Dopamine is the "motivation chemical." The release of dopamine into the bloodstream increases our ability to focus and motivates us to take action. Dopamine levels naturally rise as we move towards a goal and begin to anticipate a result. They tend to be at their highest when we are in active pursuit of getting what we want.
Serotonin is the "feel-good chemical" and is as calming and soothing as dopamine is energizing. When dopamine produces effort, serotonin provides the reward. We receive an increase in serotonin whenever we:
- Win anything, from a game of tic-tac-toe to the lottery.
- Get public recognition for a job well done.
- Take certain drugs or drink alcohol.
- Feel part of a crowd, group or team (for example at a football match or a book club).
Together, the interplay of dopamine and serotonin make the world go round. Higher levels of dopamine move us forward; higher levels of serotonin provide feelings of safety, satisfaction and curiosity.

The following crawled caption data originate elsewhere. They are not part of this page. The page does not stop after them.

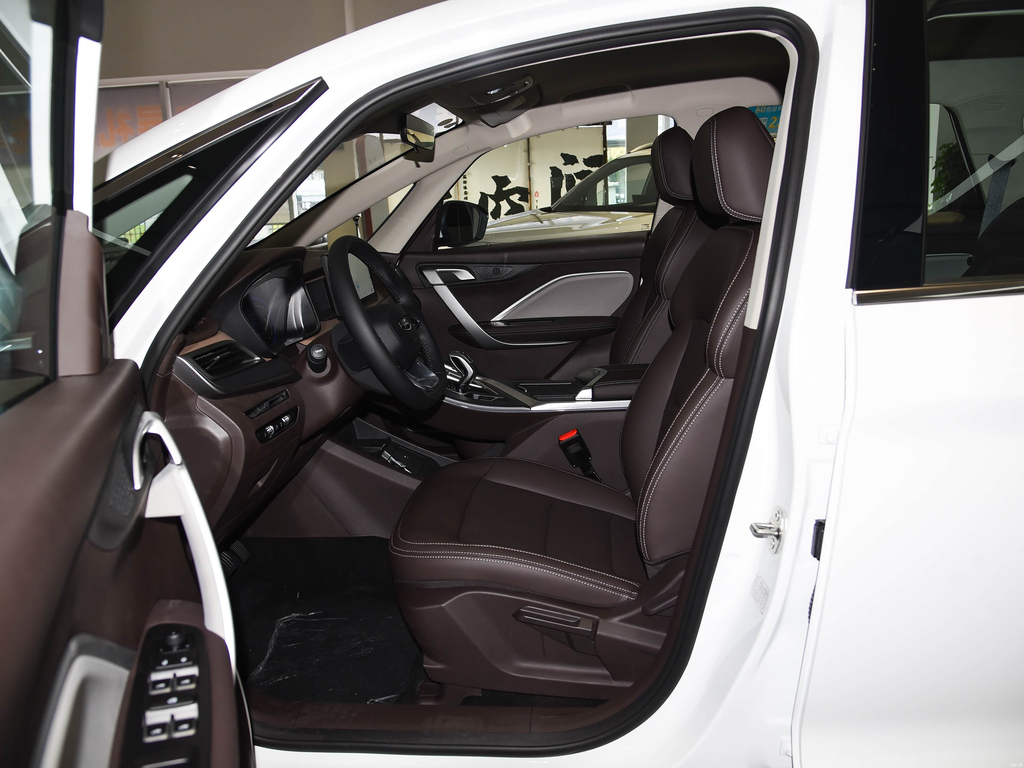 Geely Jiaji 2025 1.5TD DCT Dragon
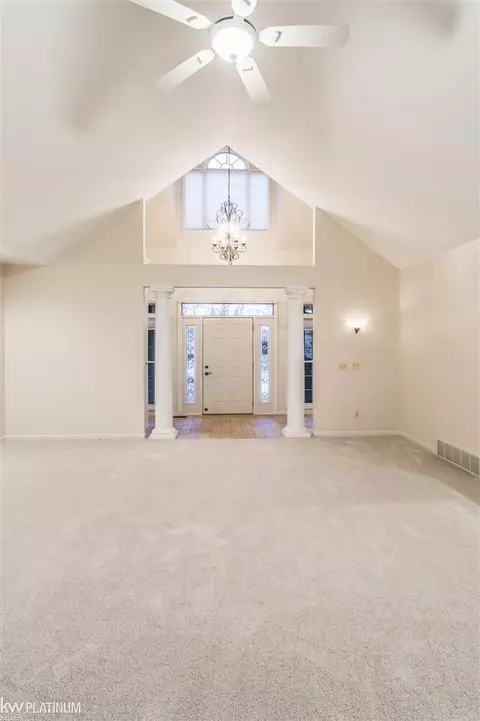 622 Highland, Saint Clair, MI 48079 photo 22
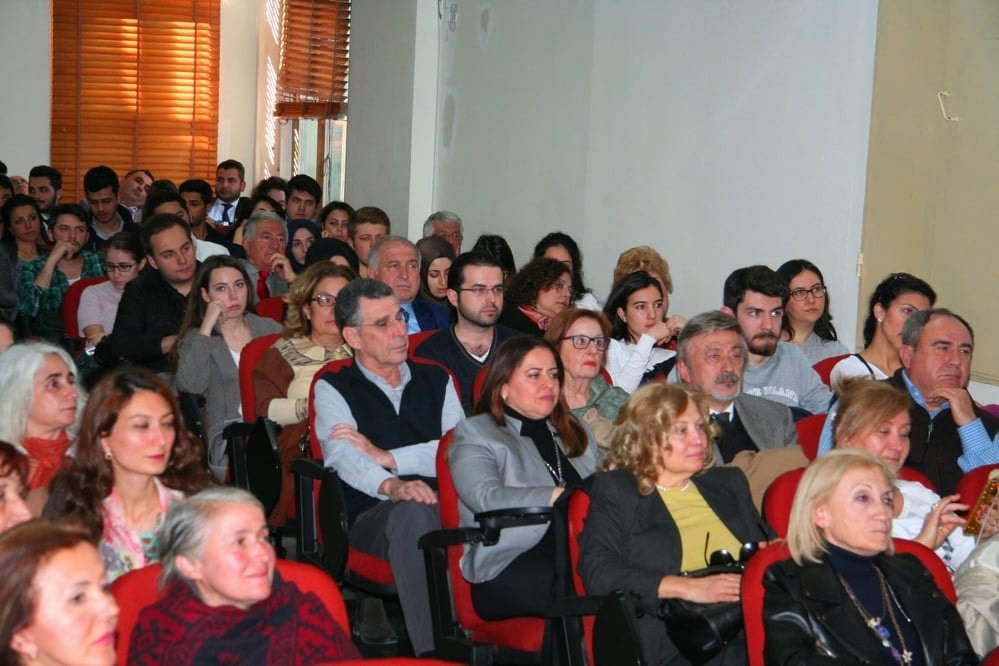 Türkiye’de Demokrasiden Uzaklaşılan Bir Zaman Dilimini Yaşıyoruz - 21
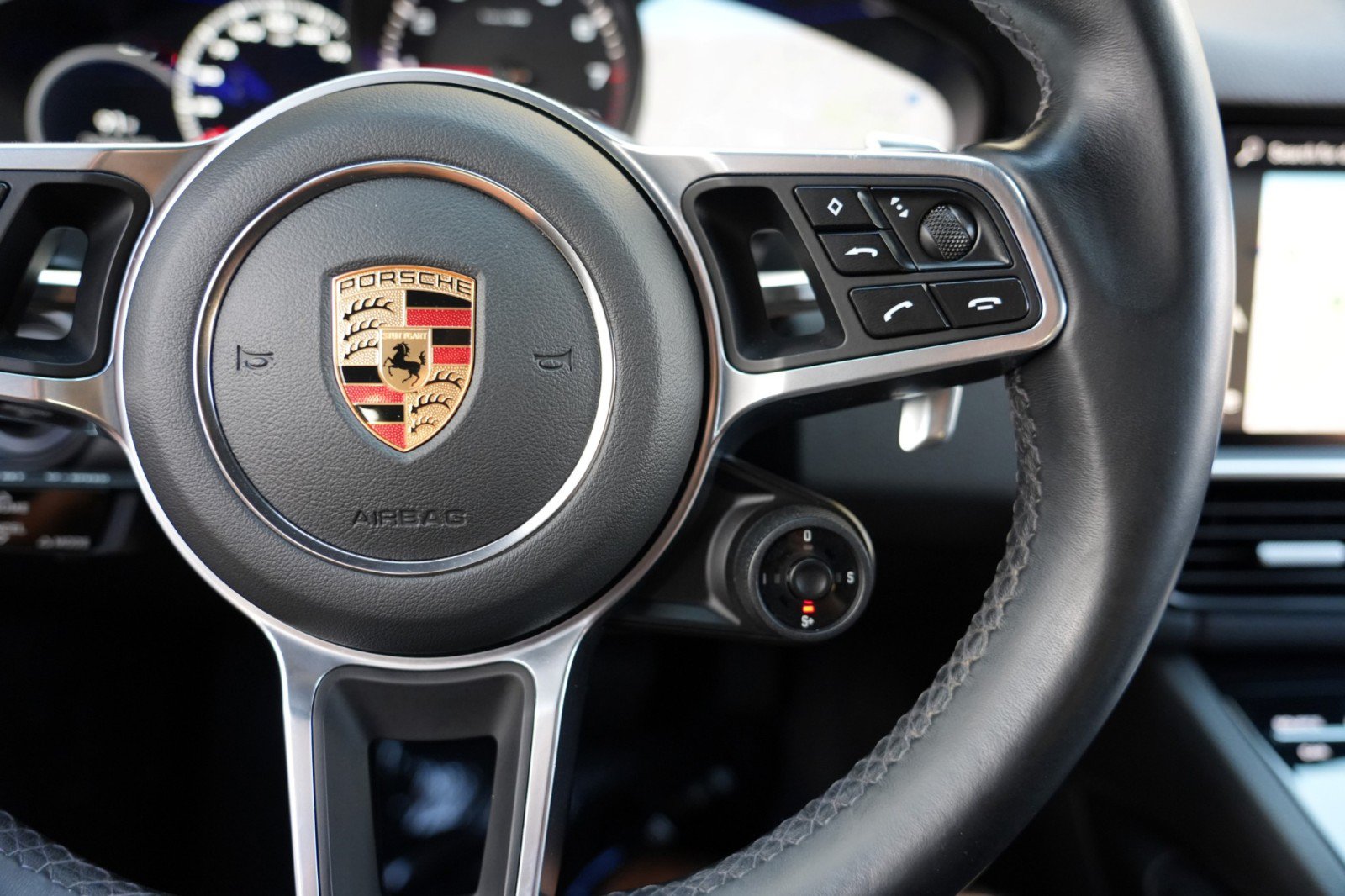 Used 2023 Porsche Cayenne Coupe w/ Premium Package AWD/4WD image 23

When looked at through this chemical filter, we can understand the innate appeal of goal-driven behavior, whether it's trying to do a Sudoku puzzle or change the world. We not only get the energized, focused sensations that come from the build-up of dopamine in trying to solve the puzzle or reach the goal; we also get the calm, contented feelings of satisfaction and well-being that follow the release of serotonin at the moment of triumph and success.
In other words, we literally get high on our brain chemicals when we chase our goals, providing we achieve enough of them to get the dopamine surges and serotonin releases we crave.
Psychologically, our desperate need to succeed can be understood through the idea of the ego or "self-image." Our problems do not arise because we want things -- they come about because we link our self-image to our attempts to get them. After all, "score" enough goals and I'm a winner; no goals at all and I'm a loser. And most people will do anything to not have to think of themselves as losers, even if they have to create misery in their lives and the lives of those around them in order to win.
So what's the solution? How do we overcome the addiction to more that has crashed the world's financial markets and sets brother against brother in every corner of the globe?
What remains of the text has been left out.